L.F. : Les livres ont parlé d’eux-mêmes ! Ils sont à la fois nécessaires, dans le monde entier, et abordables par tout le monde. On pourrait dire que c’était facile ! Et puis, l’harmonie du fond et de la forme a séduit les éditeurs étrangers. Il est vrai qu’à partir de 2017, tout le monde s’est mis à chercher des titres "sur le genre" c’était donc encore plus facile. Mais, à l’étranger comme en France, personne ne s’y trompe : la question des stéréotypes ne s’improvise pas. Il faut se défier d’en introduire en les dénonçant. Je trouve encore plus important de représenter des mères qui ne soient pas toutes minces et sexy à la sortie de l’école ou que certains pères puissent être chauves, au chômage ou fragiles, que de brandir des banderoles. L’identification est très importante pour les enfants.
 
BIEF : Y avait-il des modifications à faire pour certaines éditions à l’étranger ? 
 
L.F. : Les articles 15 des quatre albums disent tous : "Les filles / garçons / mamans / papas ont le droit d’aimer qui elles / ils veulent." Cet article pose problème dans les pays où les libertés individuelles ne sont pas encore garanties.
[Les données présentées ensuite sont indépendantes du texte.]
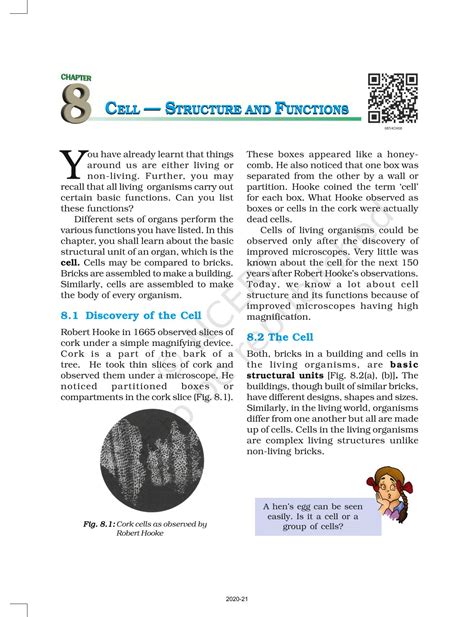Cell Structure And Functions - NCERT Book of Class 8 Science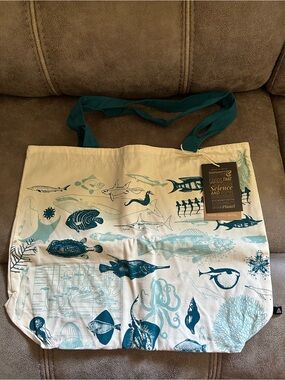 Ocean Life Printed Canvas Tote in Teal and Cream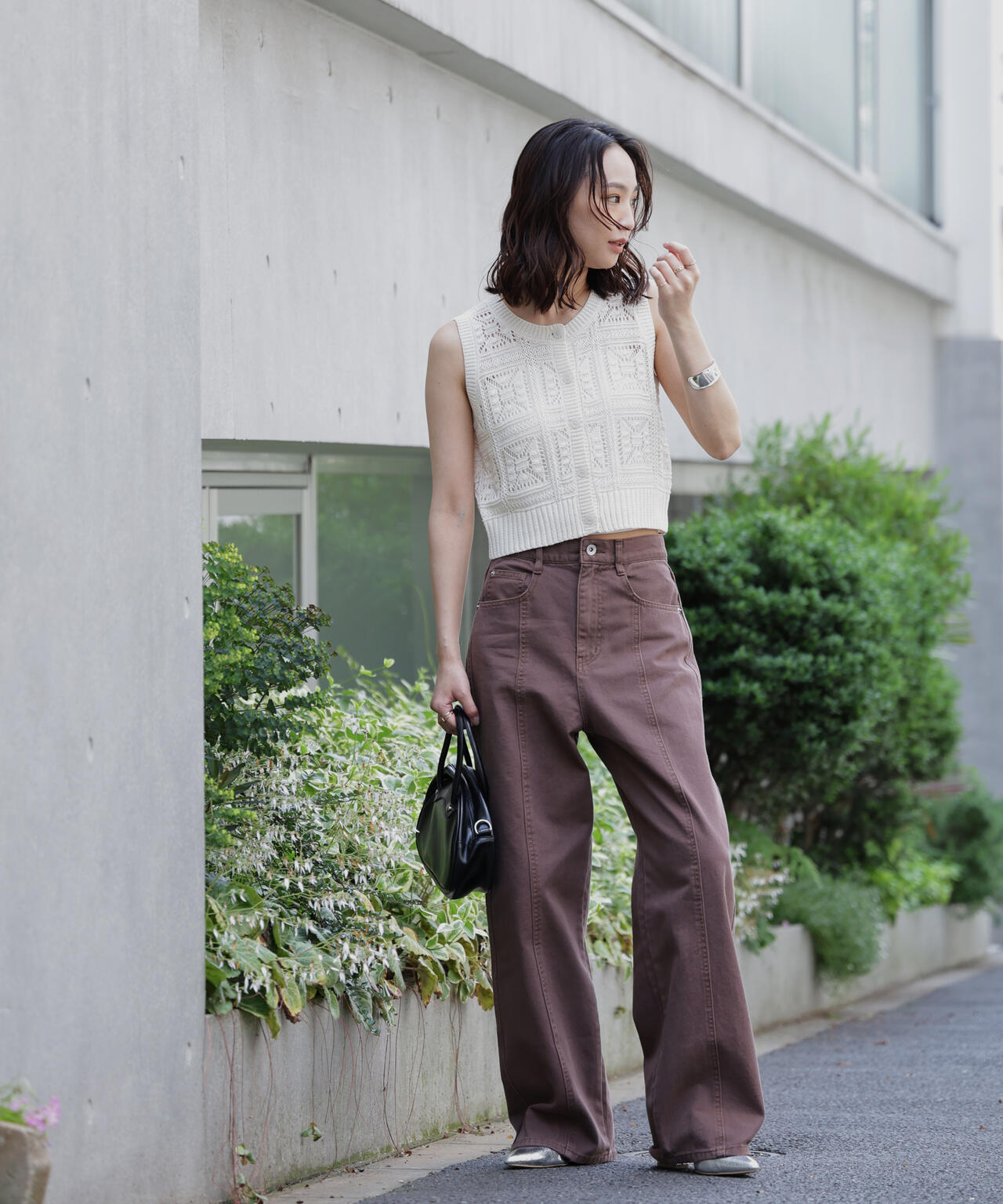 前後2wayクロッシェニットベスト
Pour le reste, les situations représentées sont tellement variées que tout le monde s’y retrouve et je suis souvent étonnée de voir tout ce qui nous rapproche plutôt que ce qui nous sépare. À chaque foire, j’ai de nouveaux contacts et les pays les plus conservateurs ne sont pas les plus frileux !
 
BIEF : Savez-vous comment les éditeurs étrangers ont procédé pour promouvoir les Déclarations dans leur pays ?
 
L.F. : Plusieurs ont demandé le soutien d’Amnesty International qu’ils ont réussi à mobiliser, ce qui pour nous est une grande fierté. Nous travaillons nous-mêmes très régulièrement avec Amnesty International qui soutient beaucoup de nos publications. Leur engagement rejoint le nôtre. D’autres éditeurs ont présenté les albums à des programmes éducatifs, gouvernementaux. Certains ont en projet d’inviter l’autrice et l’illustratrice.